2.2 Reagents, solutions and materials

All reagents were of analytical grade unless otherwise stated and ultrapure water (specific conductance 0.05 μs cm−1) from a Millipore Waters Milli Q purification unit (Merck Millipore, Bedford, MA, USA) was used throughout the experiments. Anhydrous aluminium chloride (Sigma-Aldrich, St. Loius, MO, USA) was used as a precursor for the preparation of nanometer-sized alumina (nano-Al2O3). Synthetic gasoline was prepared by mixing 91% isooctane and 9% n-heptane (Sigma-Aldrich). Conostan single element oil standard (1.0 mg L−1) of Co, Cr, Mn, Ni, and Ti, (SCP Science, Quebec, Canada) were used to prepare the working solutions for SPE at concentrations of 10 μg L−1 for other metal ions. A Spectrascan multi-element standard solution at a concentration of 100 mg L−1 (Teknolab, Norway) was used to prepare working standard solutions for quantification of analyte concentrations in model and sample solutions. Scandium was used for internal standardization. Nitric acid solutions were prepared from ultrapure concentrated acid (65%, Sigma-Aldrich). The sample pH was adjusted using dilute glacial acetic acid (Merck http://www.merck.com/, Darmstadt, Germany) and ammonia (Sigma-Aldrich) solutions. [3-(2-Aminoethylamino) propyl] trimethoxysilane (AAPTMS), ethanol and toluene were purchased from Sigma Aldrich.

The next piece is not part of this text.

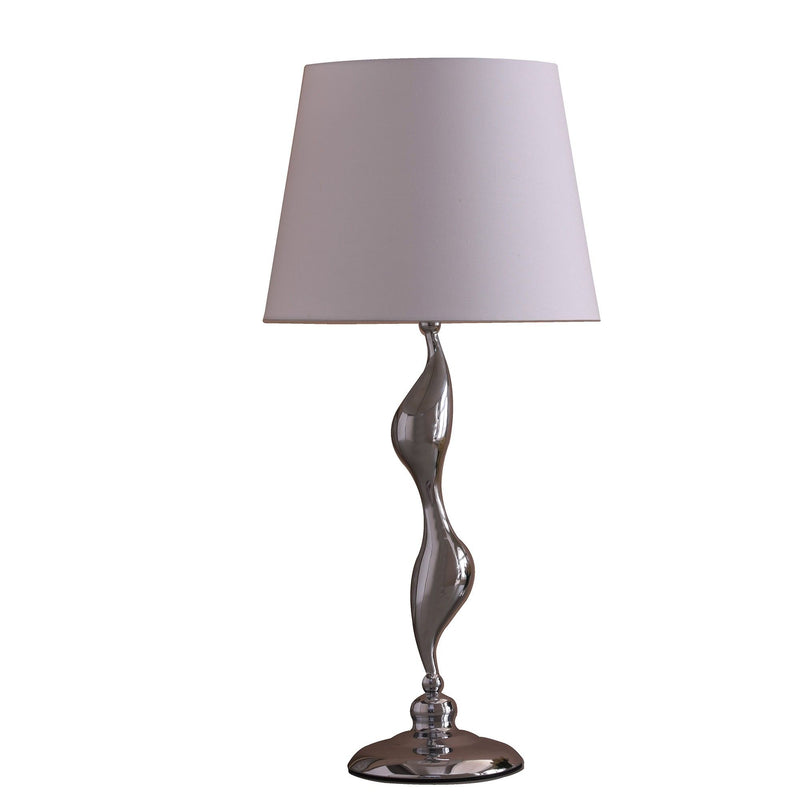 24" x 12" x 12" Bedside Table Lamp With White Empire Shade - Silver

The Accurel S6/2 porous polypropylene hollow fiber membrane (Membrana, Wuppertal, Germany) with 0.2 μm pore size, wall thickness of 450 μm and the inner diameter of 1800 μm, was used for the preparation of the μ-SPE.

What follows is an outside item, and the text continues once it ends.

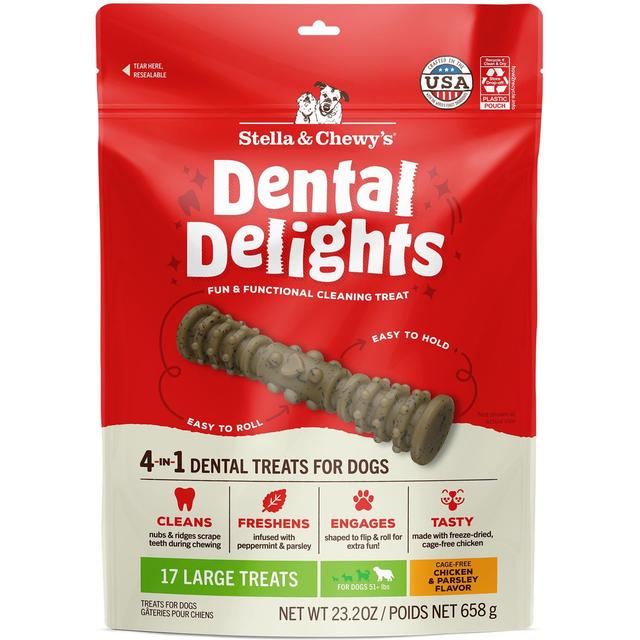 Stella & Chewy's Dental Delights Large Chicken & Parsley Dental Dog Treats, 23.2-oz bag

2.3 Preparation of nanometer-sized alumina using sol–gel method

Nano-Al2O3 was prepared according to Rogojan et al.31 A mass (2.66 g) of AlCl3 was dissolved in 25 mL absolute ethanol followed by drop wise addition of 28% ammonium solution. The addition of the latter was done in order to for a sol–gel to form. The resulting sol–gel was left to maturate for 30 hours at room temperature and then dried for 24 hours at 100 °C. Finally, the gel was calcined by heating in a furnace at a rate of 20 °C min−1 to 1000 °C and holding it for three hours.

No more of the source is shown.